Data below:
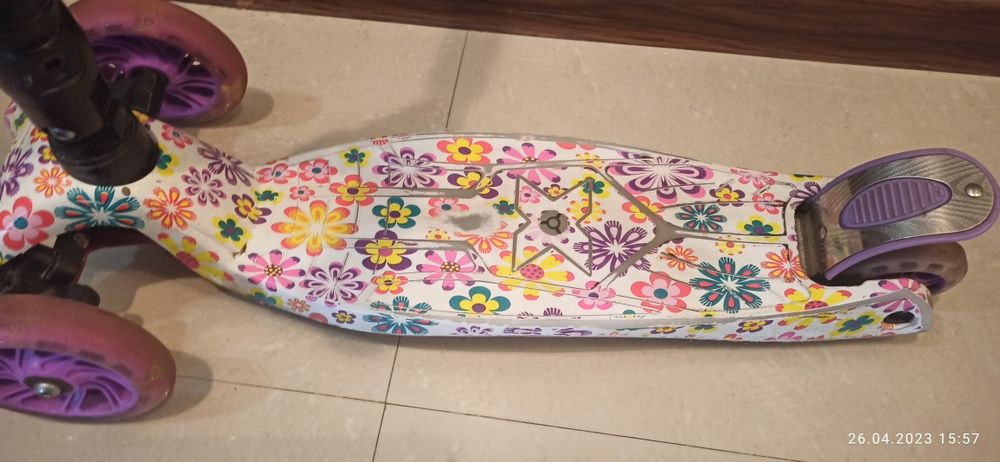 Складний самокат maxi scooter 3+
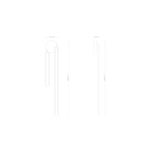 Декоративная подсветка Arte Lamp DABIH A2019AP-36WH, 1хLED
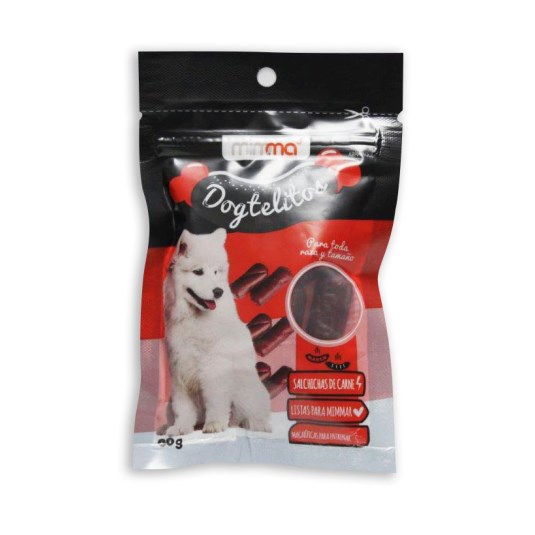 Dogtelitos Salchichas Carne Mimma 60 Gr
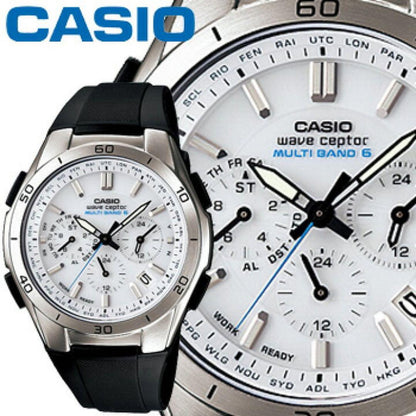 CASIO AMIY120 Solar Men's Watch — Japanese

Exercise requirements:
Please transcribe the material above exactly as written. Leave the pictures out.

Problem solution:
 Складний самокат maxi scooter 3+
 Декоративная подсветка Arte Lamp DABIH A2019AP-36WH, 1хLED
 Dogtelitos Salchichas Carne Mimma 60 Gr
 CASIO AMIY120 Solar Men's Watch — Japanese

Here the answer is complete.